Mexican President Felipe Calderon’s allies headed toward some surprising victories in Mexican state elections marred by drug gang violence so severe only a trickle of citizens voted in one state where the leading gubernatorial candidate was slain.
The opposition Institutional Revolutionary Party (PRI), the former long-time ruling party, had hoped for significant gains on Sunday to add momentum to its bid to regain the presidency in 2012, trying to capitalize on discontent over drug violence. However, it appeared the PRI would not significantly improve on the nine governorships it already held among the dozen seats up for grabs.
Despite rising public frustration over drug violence, Calderon’s allies seemed likely to come away with a much needed boost by winning in the southern state of Oaxaca after a campaign for local elections in more than a dozen states where assassinations and scandals emphasized the power of drug cartels and faced the president with his toughest political challenge.
Impoverished and volatile Oaxaca is one of several states in which Calderon’s conservative National Action Party (PAN) formed alliances with leftist parties seeking to thwart a resurgence by the PRI, which ruled Mexico for 71 years and still controls many state governments.
The showing against the PRI in Oaxaca, a heavily Aboriginal state where the party was in power for eight decades, was highly symbolic.
A five-month uprising erupted in 2006 over allegations that outgoing Oaxaca Governor Ulises Ruiz, who was not seeking re-election, stole his election victory. Critics accused Ruiz of strong-arm politics that exemplified the coercion and corruption the PRI used to govern Mexico for seven decades.
“These are historic victories,” PAN president Cesar Nava said in an interview with reporters. “Sinaloa [state] has a fundamental significance when it comes to Mexico’s security. In Puebla and Oaxaca, the victory means a significant break with entrenched strongman politics.”
The official count had alliance candidate Gabino Cue leading with 50 percent of the votes, compared with 42 percent for PRI candidate Eviel Perez, with 17 percent of the vote counted early yesterday.
Calderon’s PAN and its leftist allies led in the PRI bastion of Sinaloa, a northwestern state that is the birthplace of the powerful drug cartel of the same name.

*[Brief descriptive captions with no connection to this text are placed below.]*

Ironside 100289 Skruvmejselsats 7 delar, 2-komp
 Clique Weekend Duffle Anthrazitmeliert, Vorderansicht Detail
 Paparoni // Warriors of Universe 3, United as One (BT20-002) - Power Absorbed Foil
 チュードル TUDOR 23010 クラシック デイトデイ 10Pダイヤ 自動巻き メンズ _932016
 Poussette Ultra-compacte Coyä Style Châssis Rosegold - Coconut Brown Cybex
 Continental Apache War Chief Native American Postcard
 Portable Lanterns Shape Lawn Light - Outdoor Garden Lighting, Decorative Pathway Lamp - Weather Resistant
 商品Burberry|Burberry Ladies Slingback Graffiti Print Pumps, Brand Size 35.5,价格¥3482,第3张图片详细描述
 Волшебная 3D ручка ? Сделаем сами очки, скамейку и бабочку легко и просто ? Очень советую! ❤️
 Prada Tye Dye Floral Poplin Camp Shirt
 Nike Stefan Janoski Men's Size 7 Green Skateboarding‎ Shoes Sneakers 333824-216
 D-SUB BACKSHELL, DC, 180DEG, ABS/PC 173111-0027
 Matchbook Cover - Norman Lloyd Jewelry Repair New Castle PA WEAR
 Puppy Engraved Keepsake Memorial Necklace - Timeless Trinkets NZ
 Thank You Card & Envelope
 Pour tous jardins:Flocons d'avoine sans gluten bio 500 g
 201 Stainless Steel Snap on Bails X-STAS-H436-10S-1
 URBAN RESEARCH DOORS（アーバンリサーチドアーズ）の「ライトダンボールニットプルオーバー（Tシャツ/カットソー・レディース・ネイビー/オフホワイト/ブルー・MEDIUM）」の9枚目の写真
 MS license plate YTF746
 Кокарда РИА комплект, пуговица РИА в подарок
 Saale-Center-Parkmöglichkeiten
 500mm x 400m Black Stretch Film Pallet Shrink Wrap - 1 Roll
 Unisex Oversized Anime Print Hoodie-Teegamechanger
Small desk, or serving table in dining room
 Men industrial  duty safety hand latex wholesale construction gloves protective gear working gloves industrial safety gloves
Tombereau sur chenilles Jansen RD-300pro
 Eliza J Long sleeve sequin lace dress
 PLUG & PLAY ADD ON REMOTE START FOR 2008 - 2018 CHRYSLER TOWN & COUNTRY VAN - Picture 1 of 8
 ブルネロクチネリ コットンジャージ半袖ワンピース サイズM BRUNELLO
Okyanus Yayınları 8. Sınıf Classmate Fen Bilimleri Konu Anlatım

The PRI gubernatorial candidate in Sinaloa, Jesus Vizcarra, had long faced allegations of ties to the cartel led by Joaquin “El Chapo” Guzman, Mexico’s most-wanted drug lord.
The newspaper Reforma recently published a photograph of Vizcarra attending a party many years ago with El Chapo’s second-in-command, Ismael “El Mayo” Zambada.
Vizcarra, the mayor of state capital Culiacan and a distant relative of slain drug trafficker Ines Calderon, dodged questions about whether Zambada is the godfather of one of his children, saying only that he had never committed a crime.
With about a fifth of the vote counted, preliminary official results gave alliance candidate Mario Lopez 52 percent to 46 percent for Vizcarra. The Televisa exit poll had similar numbers.
Exit polls released by TV Azteca and Televisa predicted the PRI would win in at least nine states, including three that it wrested back from the PAN or the leftist Democratic Revolution Party.
Exit polls indicated the PRI easily won in Tamaulipas, a drug-riven northern state where the party’s gubernatorial candidate, Rodolfo Torre, was assassinated a week before the election.
Officials said only one in five registered voters cast ballots there.
Torre’s brother, Egidio, was picked to run in his place. He voted at an elementary school in Ciudad Victoria wearing a bulletproof vest and escorted by federal police in two trucks.